In Buenos Aires, I live just a couple blocks from the Museo Evita, and only a 20-minute walk or so from her tomb at the Cementerio de la Recoleta, which I revisit regularly in the course of updating Moon Handbooks Buenos Aires and my other titles. The cemetery has always been an attraction (though not just for Evita) but the museum, which opened in 2002 on the 50th anniversary of her death, has become a significant destination as well.
Evita’s post-mortem odyssey, fictionalized in the late Tomas Eloy Martínez’s novel Santa Evita, is a surrealistic tale made even more outrageous in that most of what Martínez wrote is fact: her elaborate embalming by the mysterious Spanish doctor Pedro Ara (pictured here, with Evita), her “residence” at the CGT labor union headquarters, her corpse-napping by the military (which included a stint with an infatuated officer), the surreptitious shipping to an anonymous grave in Italy, and a post-mortem prisoner exchange (for the assassinated General Pedro Aramburu) that left her at Juan Domingo Perón’s Madrid residence-in-exile.
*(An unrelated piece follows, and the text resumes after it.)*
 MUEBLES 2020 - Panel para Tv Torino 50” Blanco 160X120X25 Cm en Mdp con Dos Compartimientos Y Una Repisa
Finally, after Perón’s death in 1973, his widow Isabel (who had lived alongside the mummy in Madrid and succeeded him as president) brought Evita to Argentina, where she eventually ended up in the Duarte family crypt beneath her birth father.
It may be hard to imagine a more implausible story, but on a recent visit to Robert Wright’s exceptional Recoleta website, I encountered a brief blurb on San Francisco author Mark Coggins’s The Big Wake-Up, an action-mystery novel based on the premise that the real Evita - there were in fact several replicas of her corpse - had ended up in Oakland’s historic Mountain View Cemetery, barely a ten-minute walk from my California home. Wherever I go, apparently, Evita’s never far away!
Having recently read the book, I don’t intend to give away too much of the story, but it involves Coggins’s wise-cracking private investigator August Riordan and two parties that want Evita’s body: an Argentine politician and his military allies, and an outlandish disciple of Dr. Ara’s who tries to embalm everybody she can in the process. With an obvious debt to the great Raymond Chandler, it’s fun bedside reading before or after a trip to Buenos Aires, or on the plane.